New paper proposes Constitutional Classifiers to block jailbreaks, but prototype incurs high over‑refusal and compute costs [2] The Safeguards Research Team released a method that trains input and output classifiers on synthetic data to filter most jailbreak attempts while keeping over‑refusal low; the initial prototype, however, refused many harmless queries and required substantially more compute to run.
Human red‑team bug‑bounty with 183 participants (>3,000 hours) found no universal jailbreak [1] Independent jailbreakers were given ten forbidden queries and asked to force Claude 3.5 Sonnet (June 2024) to answer all of them; despite extensive effort, none succeeded in producing a single jailbreak that answered every query.
Synthetic evaluation of 10,000 prompts reduced jailbreak success from 86% to 4.4% with minimal over‑refusal increase [1] When Claude 3.5 Sonnet (Oct 2024) was guarded by the classifiers, only 4.4% of attacks succeeded, compared with 86% unprotected; harmless‑query refusals rose by 0.38% (statistically insignificant) and compute cost rose 23.7%.
Live demo (Feb 3‑10 2025) attracted 339 jailbreakers, four cleared all eight levels, one achieved a universal jailbreak [1] The public challenge saw roughly 3,700 hours of red‑team effort; on the final two days four participants passed every level, and one of them produced a jailbreak that met the contest’s universal criteria.

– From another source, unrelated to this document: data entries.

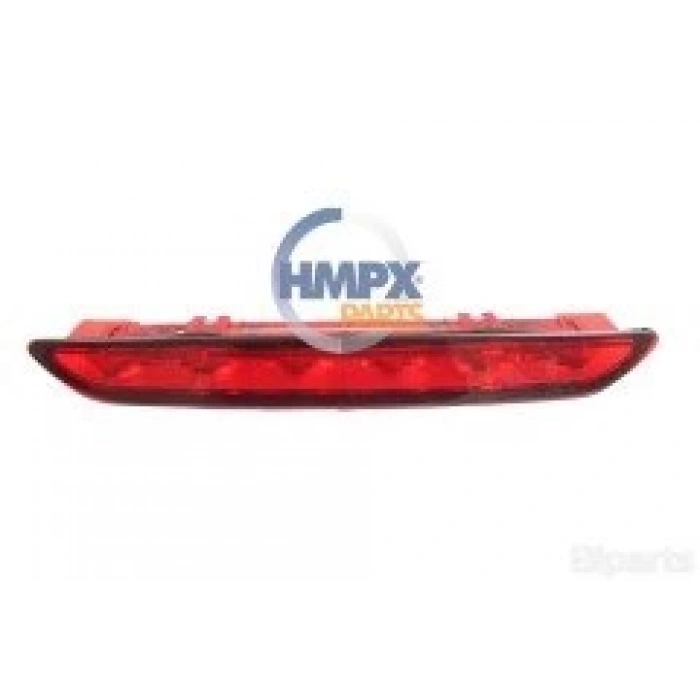 Stop Lambası Sedan Ford Mondeo Bm 07- (Oem No: 7S71 13A601 Cd)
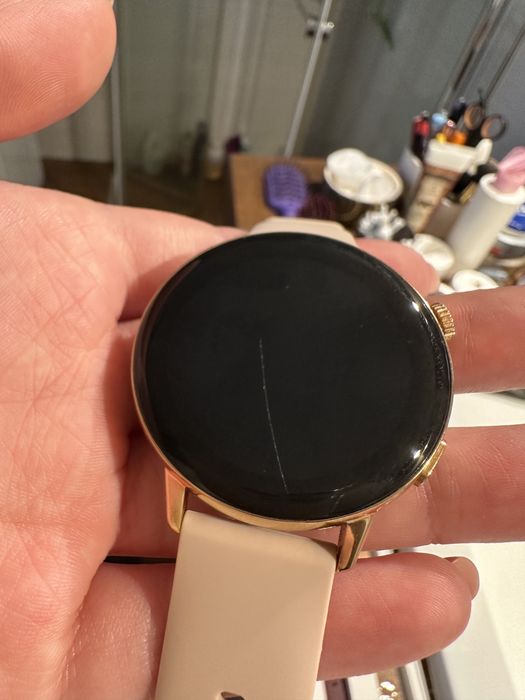 Smart Watch żeński
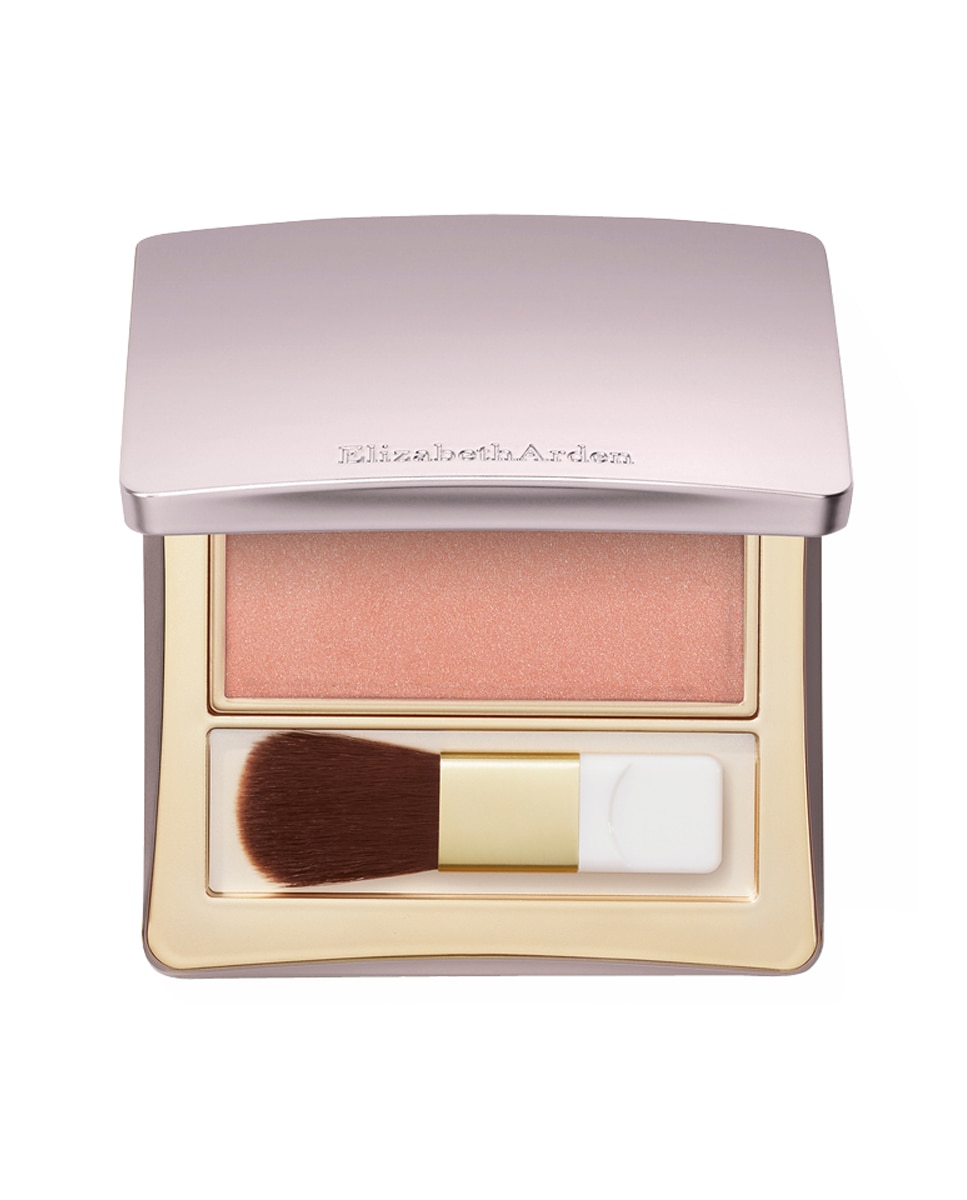 Colorete Blush Elizabeth Arden - Nearly Nude Nearly Nude-1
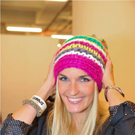 Sports Experts_Patricia Kaiser.jpg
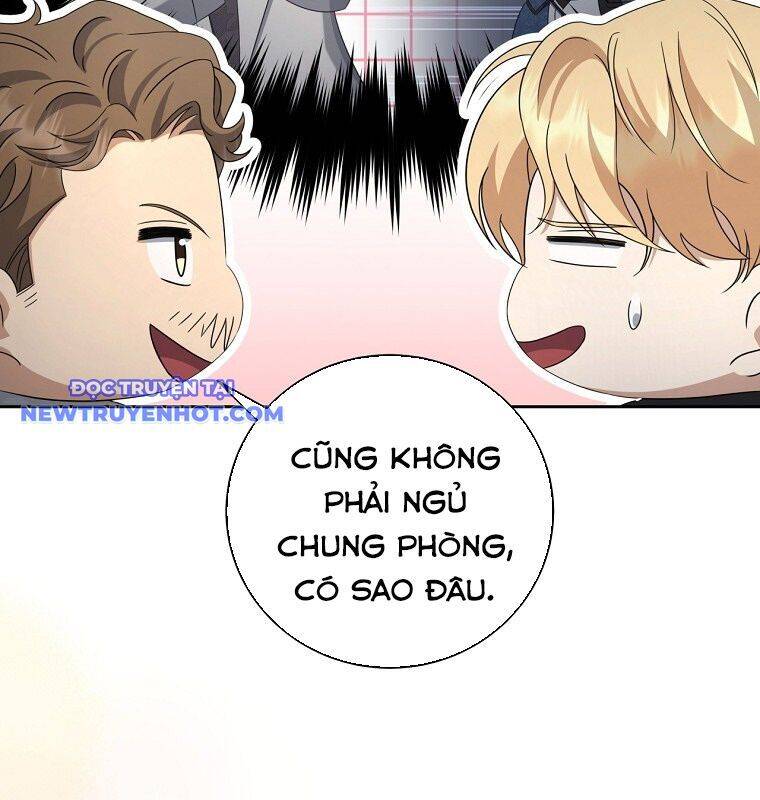 Con Trai Bá Tước Khốn Nạn Là Hoàng Đế: Chapter 51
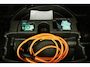 Toyota RAV4 2.5 Plug-in Hybrid AWD Bi-Tone Plus | Panoramisch dak | JBL | Head-up display | Apple Carplay/Android Auto | Lederen bekleding |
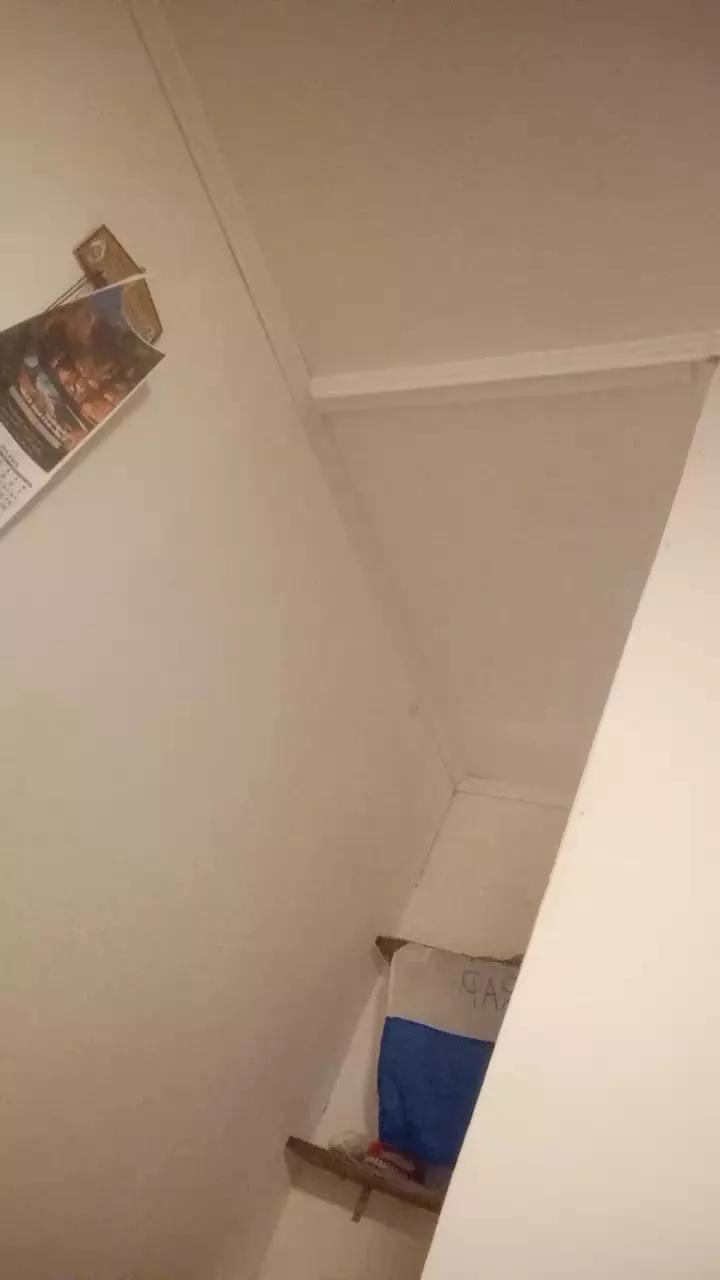 Terrrnurita on Cam4 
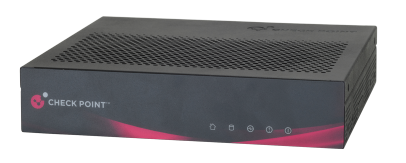Check Point Quantum Force 3920 Firewall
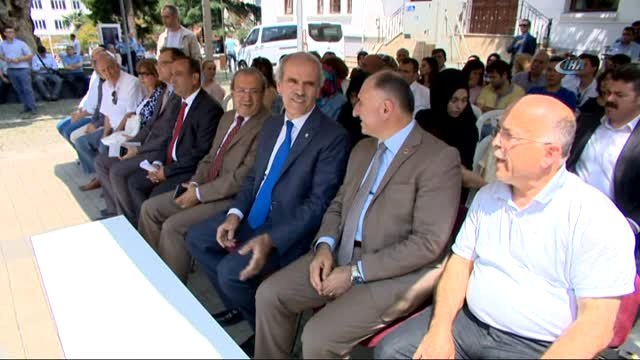 Uyuşturucu İçin Gökyüzüne Balon Bıraktılar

$55 K prize pool awarded to four winners, including the team that delivered the universal jailbreak [1] Altynbek Ismailov and Salia Asanova received the $20 K universal‑jailbreak prize; Valen Tagliabue, Hunter Senft‑Grupp (borderline case), and Andres Aldana each earned portions of the remaining $35 K.
Anthropic aims to lower over‑refusal and compute while integrating complementary defenses under its Responsible Scaling Policy [1] Future work will adapt the constitution to new attacks, combine classifiers with other safeguards, and seek deployment only when risks meet the thresholds set in the policy.